(DATA TO USE begins)
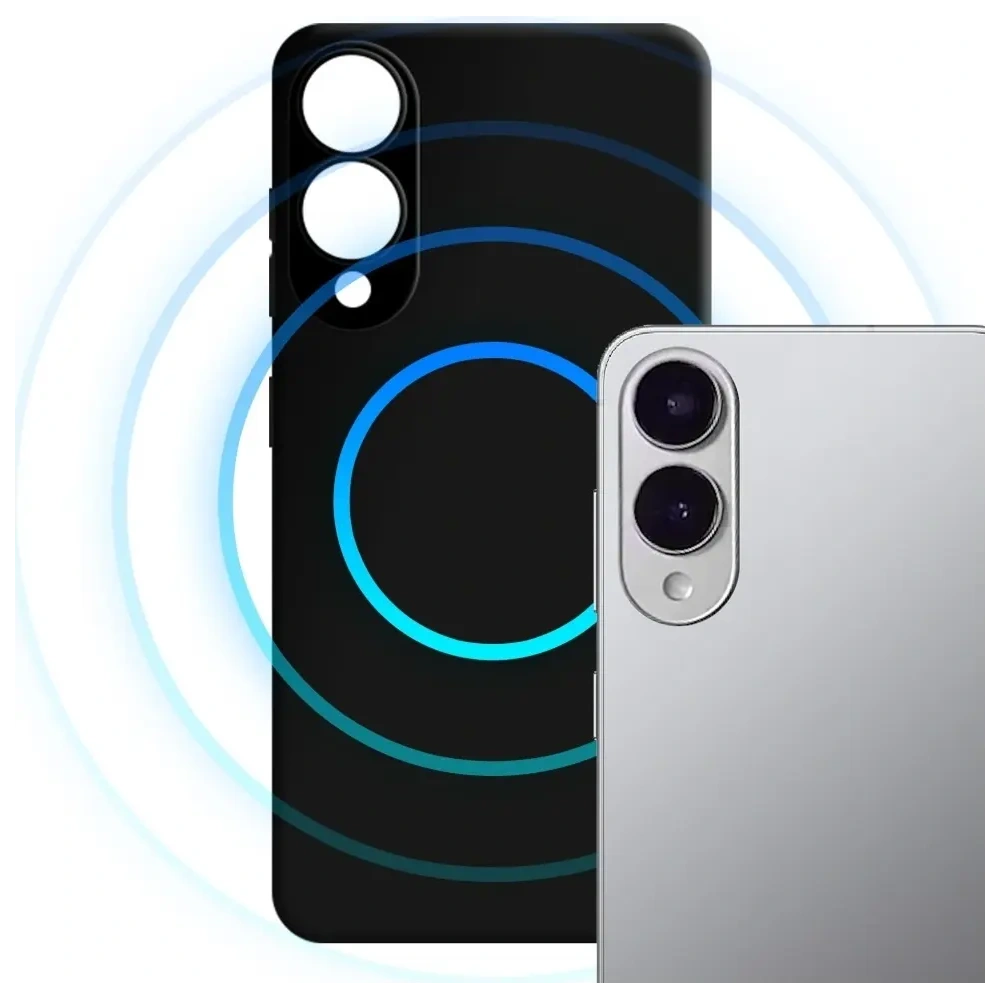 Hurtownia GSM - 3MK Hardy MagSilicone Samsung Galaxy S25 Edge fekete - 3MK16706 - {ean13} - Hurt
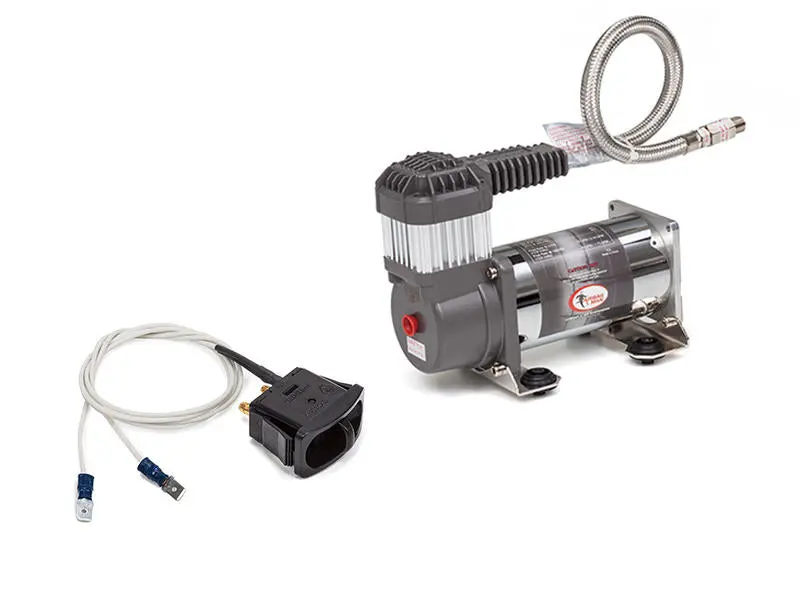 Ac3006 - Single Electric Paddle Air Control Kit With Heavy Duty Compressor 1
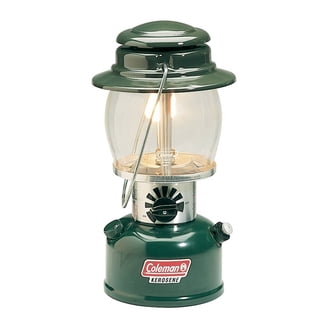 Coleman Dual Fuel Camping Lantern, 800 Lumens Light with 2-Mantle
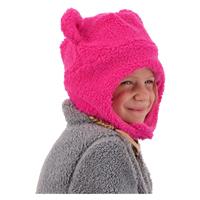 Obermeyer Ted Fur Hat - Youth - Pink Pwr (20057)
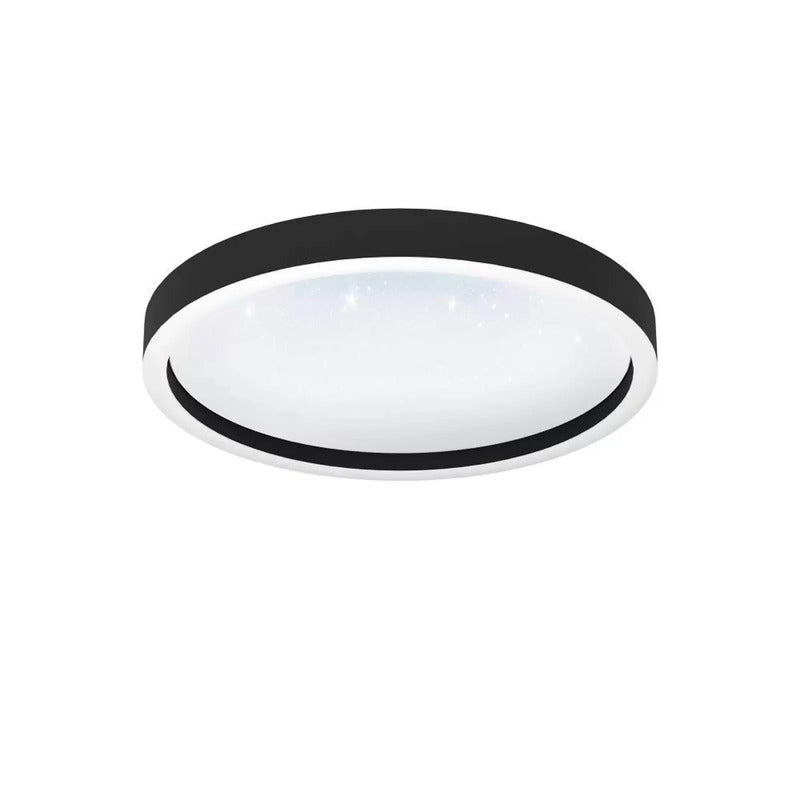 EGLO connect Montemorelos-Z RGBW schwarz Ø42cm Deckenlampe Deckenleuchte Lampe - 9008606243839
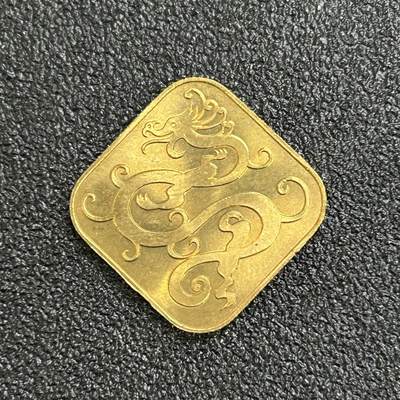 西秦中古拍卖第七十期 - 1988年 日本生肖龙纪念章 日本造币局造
(DATA TO USE ends)
Without including any picture, print every record exactly as written above.

 Hurtownia GSM - 3MK Hardy MagSilicone Samsung Galaxy S25 Edge fekete - 3MK16706 - {ean13} - Hurt
 Ac3006 - Single Electric Paddle Air Control Kit With Heavy Duty Compressor 1
 Coleman Dual Fuel Camping Lantern, 800 Lumens Light with 2-Mantle
 Obermeyer Ted Fur Hat - Youth - Pink Pwr (20057)
 EGLO connect Montemorelos-Z RGBW schwarz Ø42cm Deckenlampe Deckenleuchte Lampe - 9008606243839
 西秦中古拍卖第七十期 - 1988年 日本生肖龙纪念章 日本造币局造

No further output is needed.